WHAT THIS TASK INVOLVES:
Nothing but the pictures may be left out. Restate the rest of the entries word for word.

[Records from a collection]
::::::::
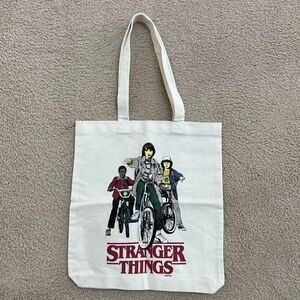 Stranger Things Tote Bag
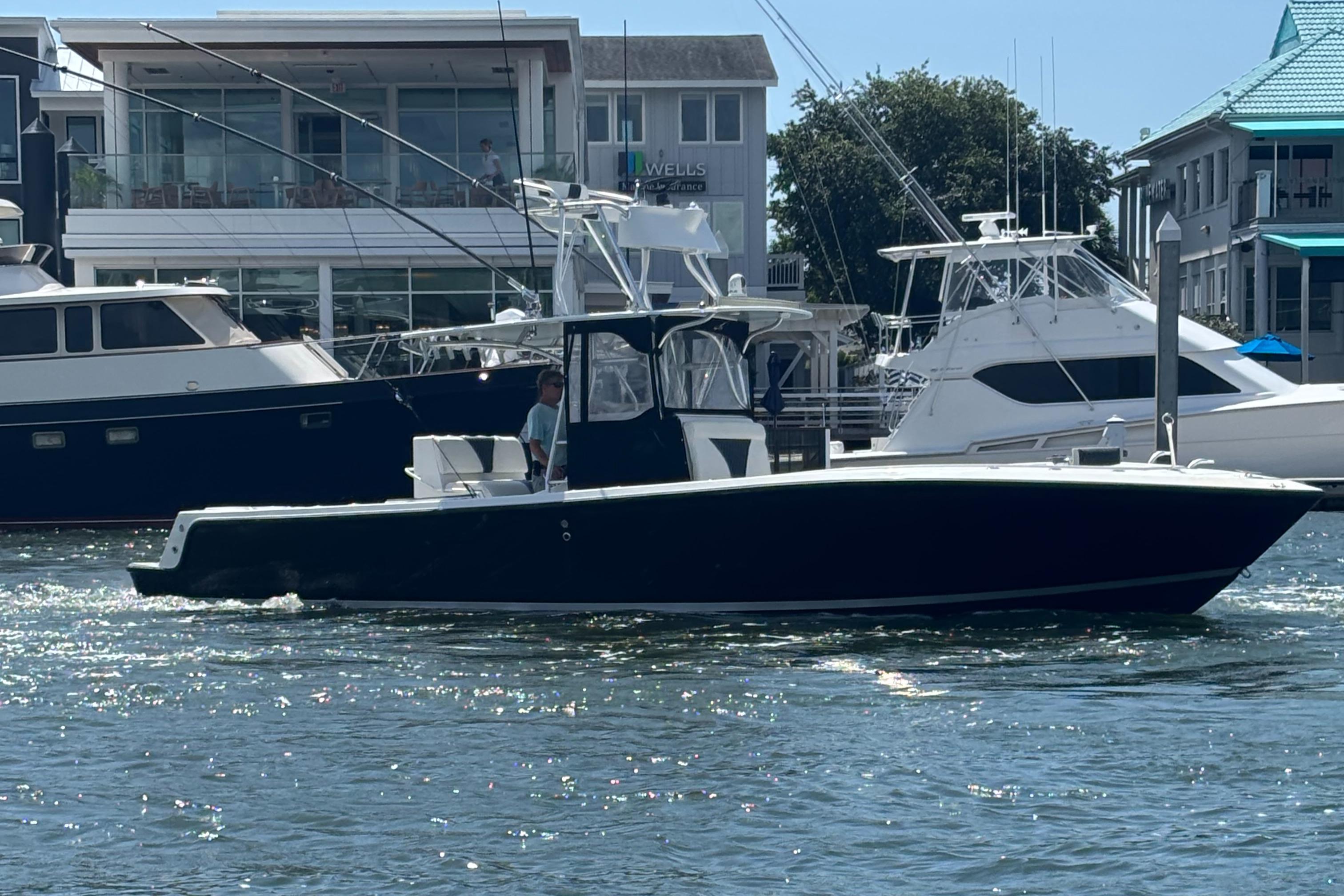 2004 SeaVee 34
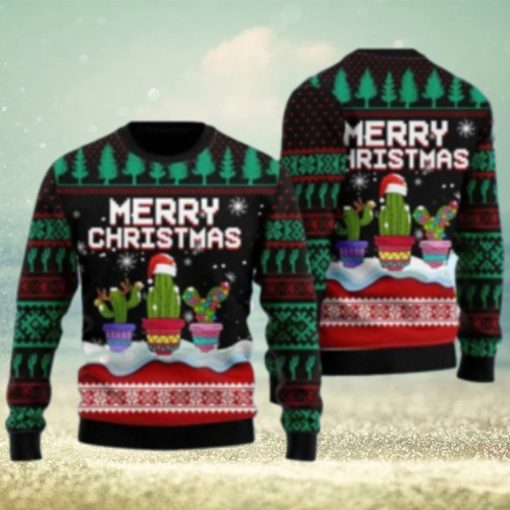 Funny Xmas Catus Ugly Christmas Sweater For Men And Women Christmas Gift Sweater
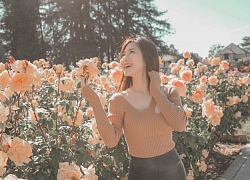 Hương Tràm đón sinh nhật tại Mỹ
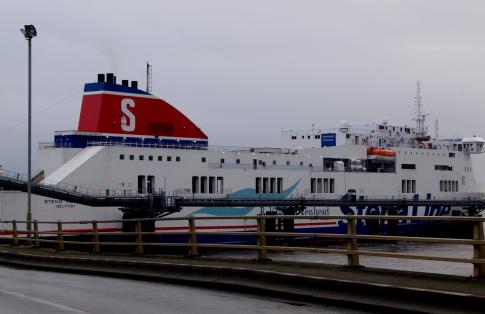 Stena Line Belfast prom
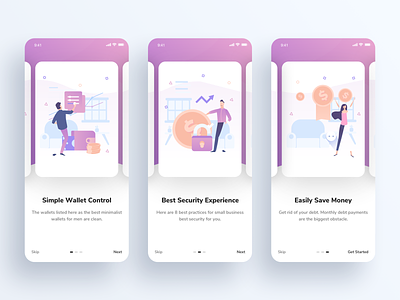 Vault - Financial App UI Kit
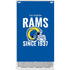 NFL Los Angeles Rams Helmet Xbox Series S Console Skin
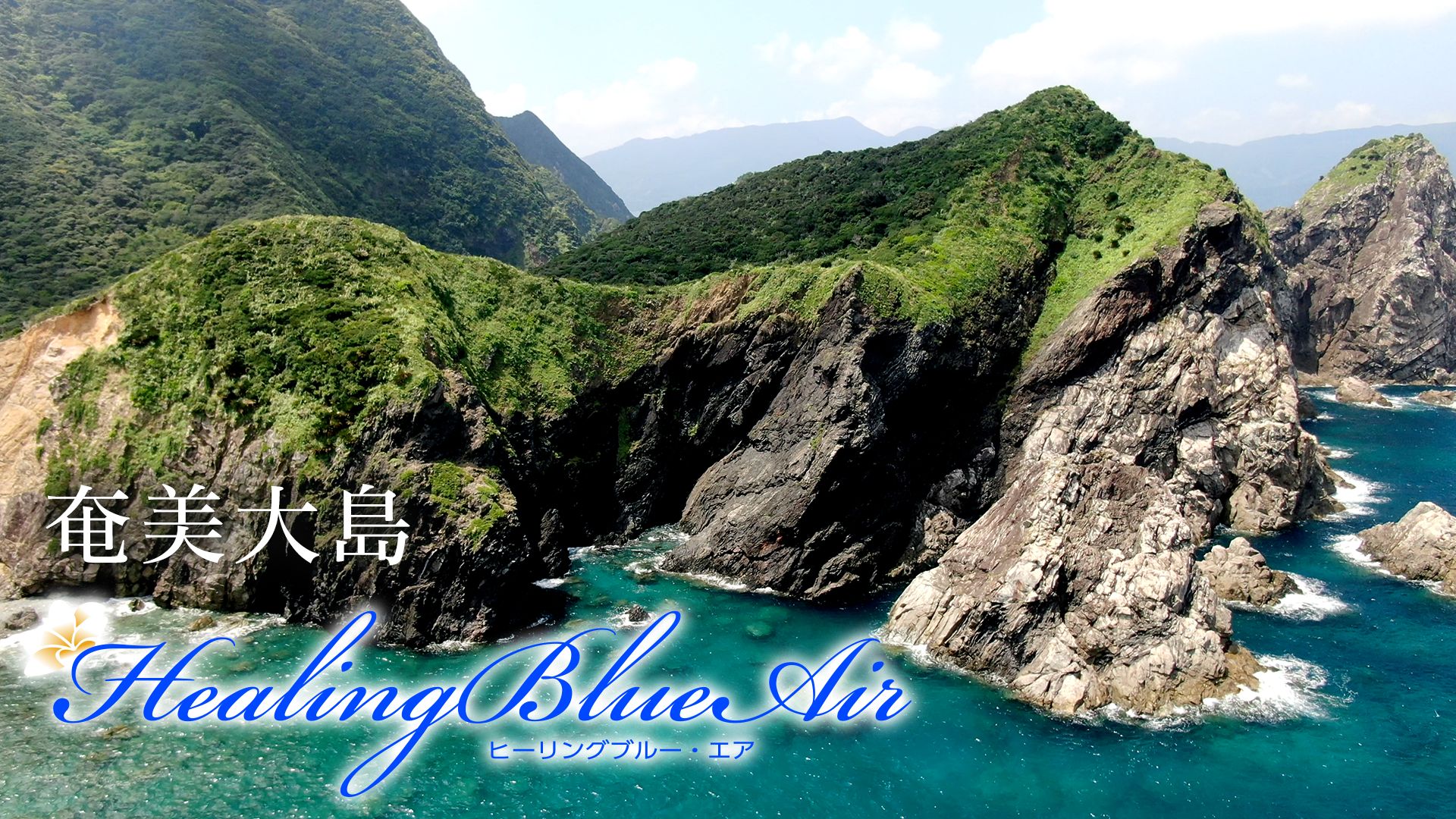 奄美大島【HealingBlue Air】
::::::::
FINISHED EXERCISE:
 Stranger Things Tote Bag
 2004 SeaVee 34
 Funny Xmas Catus Ugly Christmas Sweater For Men And Women Christmas Gift Sweater
 Hương Tràm đón sinh nhật tại Mỹ
 Stena Line Belfast prom
 Vault - Financial App UI Kit
 NFL Los Angeles Rams Helmet Xbox Series S Console Skin
 奄美大島【HealingBlue Air】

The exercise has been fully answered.